Então, em concreto, o que é que é preciso mudar no enquadramento legislativo? A que se estava a referir, na audição parlamentar em junho?
Definir de forma mais concreta o que é que o país e a sociedade pretendem obter do Conselho Económico e Social. O Conselho Económico e Social foi criado aglutinando três entidades que já existiam, com diferentes pesos e importâncias. Uma era o então Conselho Permanente da Concertação Social. O outro era o Conselho Nacional do Plano. E o terceiro era o Conselho de Rendimentos e Preços. De certa forma, as competências que estavam nesses conselhos foram para o Conselho Económico e Social, mas de forma um pouco vaga. Se formos ver a lista de competências, ela é manifestamente grande.
Excessiva?
Não digo que seja excessiva, mas é preciso perceber o que é que queremos em concreto. Por vezes, parece que há um foco maior nas questões sociais, e bastante menos nas questões económicas. Por outro lado, há pareceres que são obrigatórios, que são exclusivamente da área da área financeira. A própria questão de saber quem deve pedir pareceres ao CES não tem uma resposta evidente. A própria função consultiva do Estado, não digo que devesse estar exclusivamente concentrada no CES, mas devia ser, por excelência, o órgão consultivo do Estado. Um organismo como o CES não pode viver quase exclusivamente da contribuição dos representantes da sociedade que nele se encontram, porque falta aí algum suporte. Daí a tal ideia da unidade técnica. É uma coisa de que os conselheiros também se queixam. Dizem que estão disponíveis para serem relatores, mas tem de haver uma equipa que esteja a trabalhar.
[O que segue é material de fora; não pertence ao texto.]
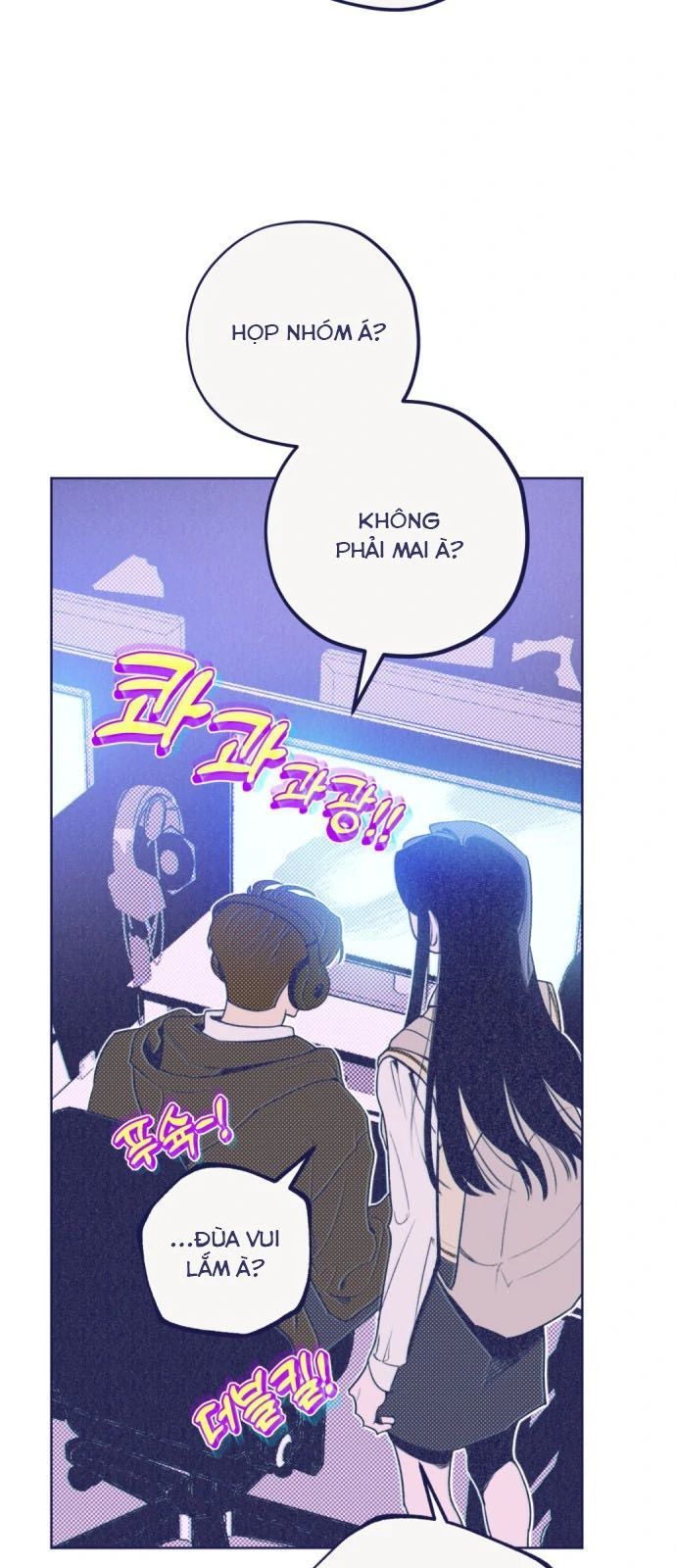Trang 67
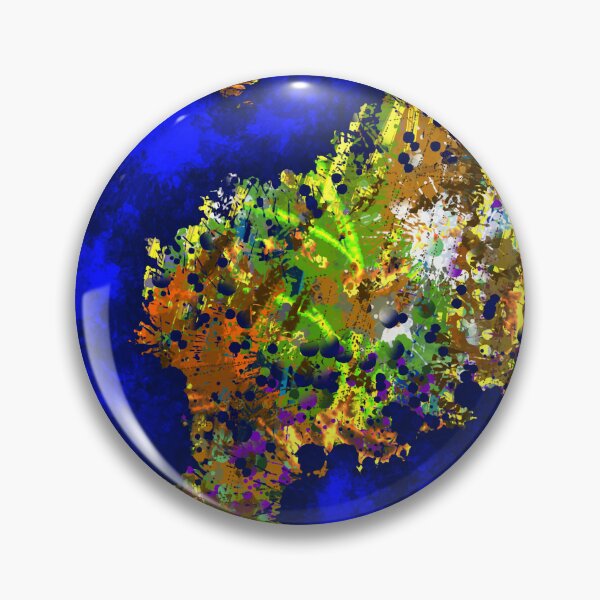 Item preview, Inside turmoil  designed and sold by MaryMP86.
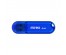 USB2.0 FlashDrives 4Gb Mirex CANDY BLUE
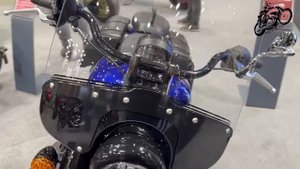 10 лучших больших круизеров 2025 года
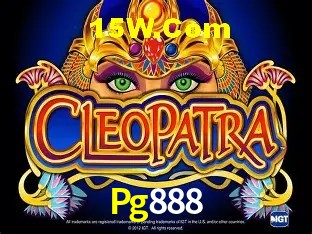 Cadastro Rápido Pg888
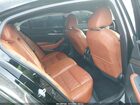 2019 Nissan Maxima 3.5 Platinum Black vin: 1N4AA6AV0KC374677 2019 Nissan Maxima 3.5 Platinum Black vin: 1N4AA6AV0KC374677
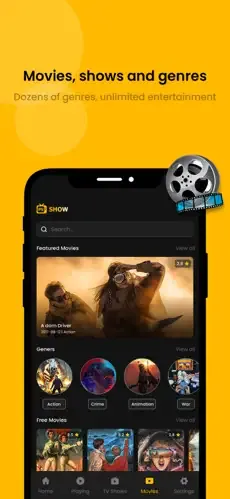 www-fancode-777-com Movies and shows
O CES hoje não tem essas equipas?
Tem o gabinete do presidente, mas estamos a falar de três adjuntos.
Identificou os recursos humanos e o enquadramento legislativo como constrangimentos. Também apontou as instalações. Julgo que já há um lugar escolhido. Já há uma data para a mudança? Em que ponto está?
Não há data para a mudança. Era um processo que estava a ser falado já há algum tempo, mas que estava apenas a ser falado. Não tinham sido desencadeados os procedimentos legais previstos na lei. Isso foi feito, entretanto, e estamos, neste momento, a avançar com esse procedimento. Neste momento, não estou em condições de dizer. Aquilo que está em causa é a mudança para as instalações onde se encontrava o Ministério da Ciência e do Ensino Superior. É um imóvel classificado. É preciso definir as condições. Tem um custo. É preciso fazer uma avaliação cuidada da necessidade das intervenções. Tudo isso tem que ficar regulado.
Qual é a expectativa?
É que, num prazo razoável…
No seu mandato?
Diria que, se não for nos próximos meses, duvido que seja. Ponto.